Aim of the task
Starting at the line that contains "Carte Jour bleu (Fleur jaune)", transcribe every remaining line of the data below exactly, and omit all pictures.

(Beginning of Dataset extract)

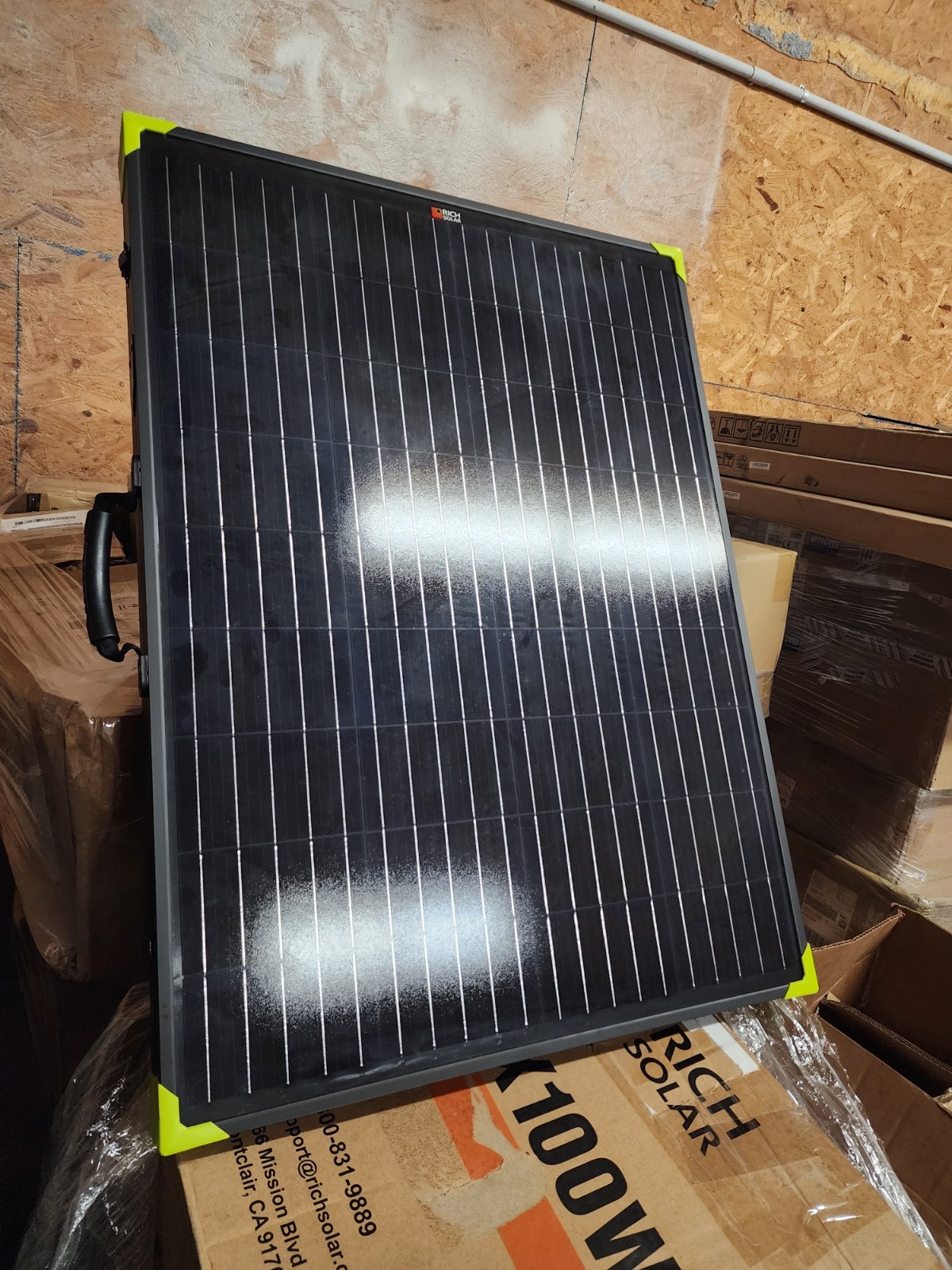 Rich Solar panel MODEL: RS- X200B PORTABLE SOLAR PANEL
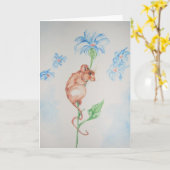 Carte Jour bleu (Fleur jaune)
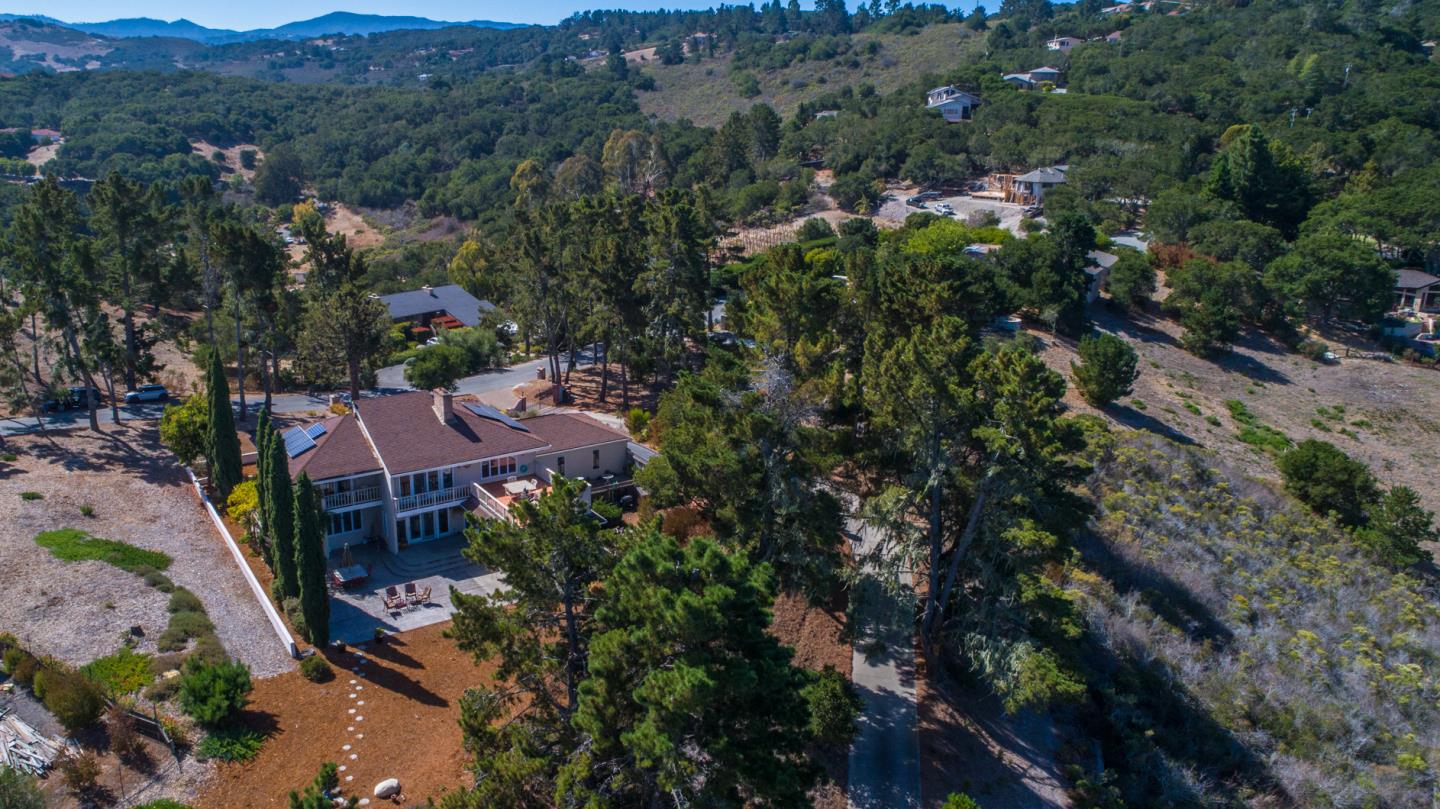 12765 Sundance Lane Carmel Valley, CA 93924 - Photo 36 of 43 an aerial view of house with yard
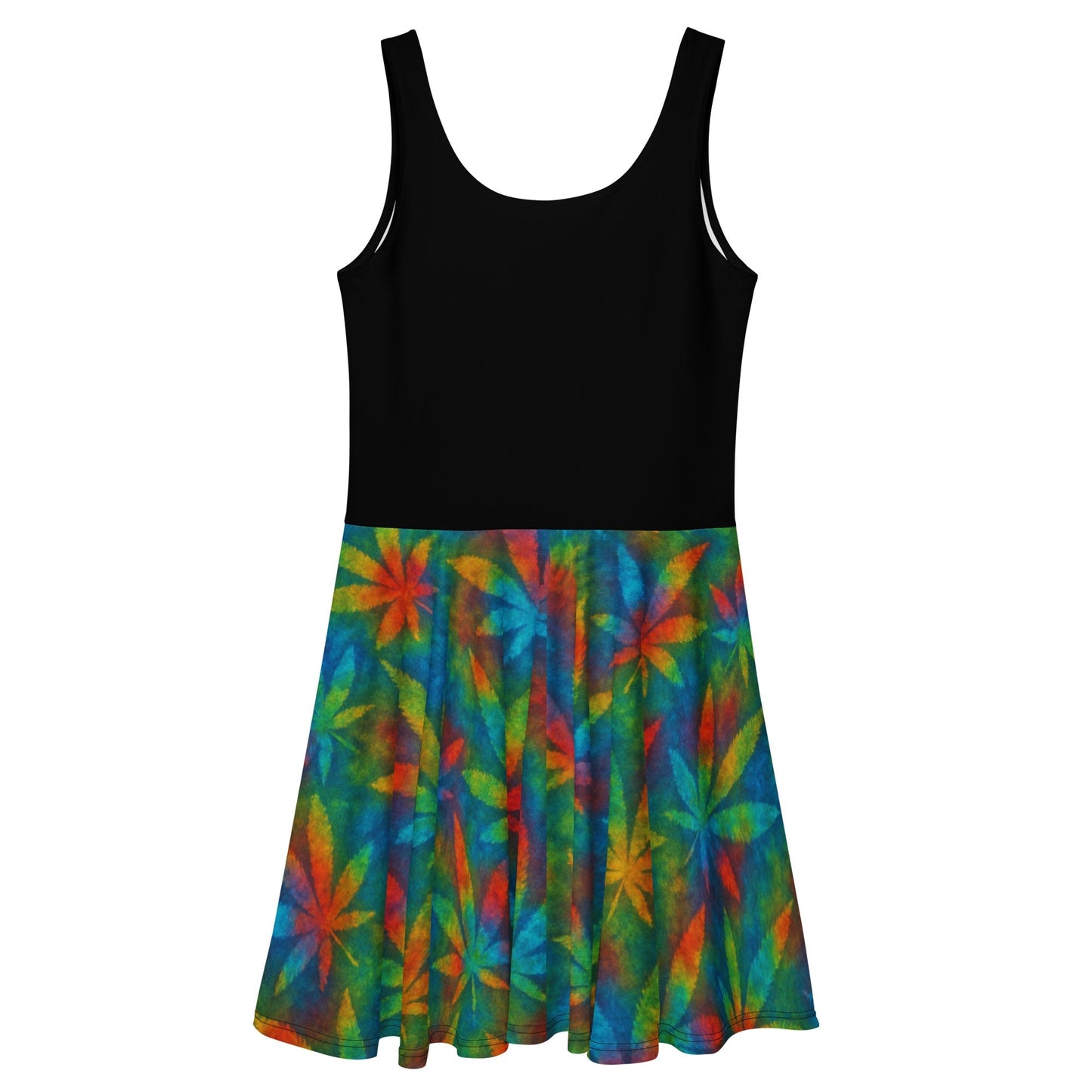 Queen Tie-Dye Skater Dress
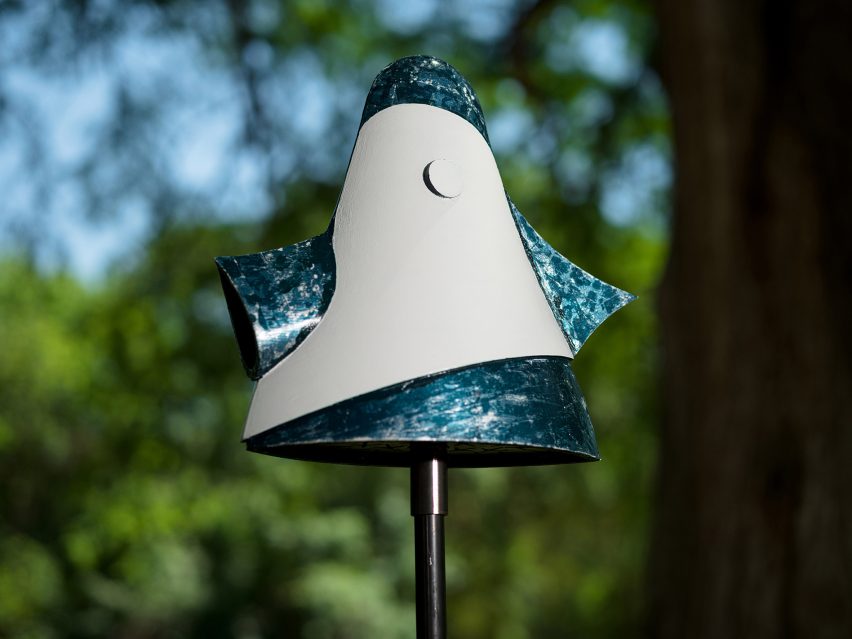 A birdhouse at Brackenridge Park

(End of Dataset extract)

Solution to this task
 Carte Jour bleu (Fleur jaune)
 12765 Sundance Lane Carmel Valley, CA 93924 - Photo 36 of 43 an aerial view of house with yard
 Queen Tie-Dye Skater Dress
 A birdhouse at Brackenridge Park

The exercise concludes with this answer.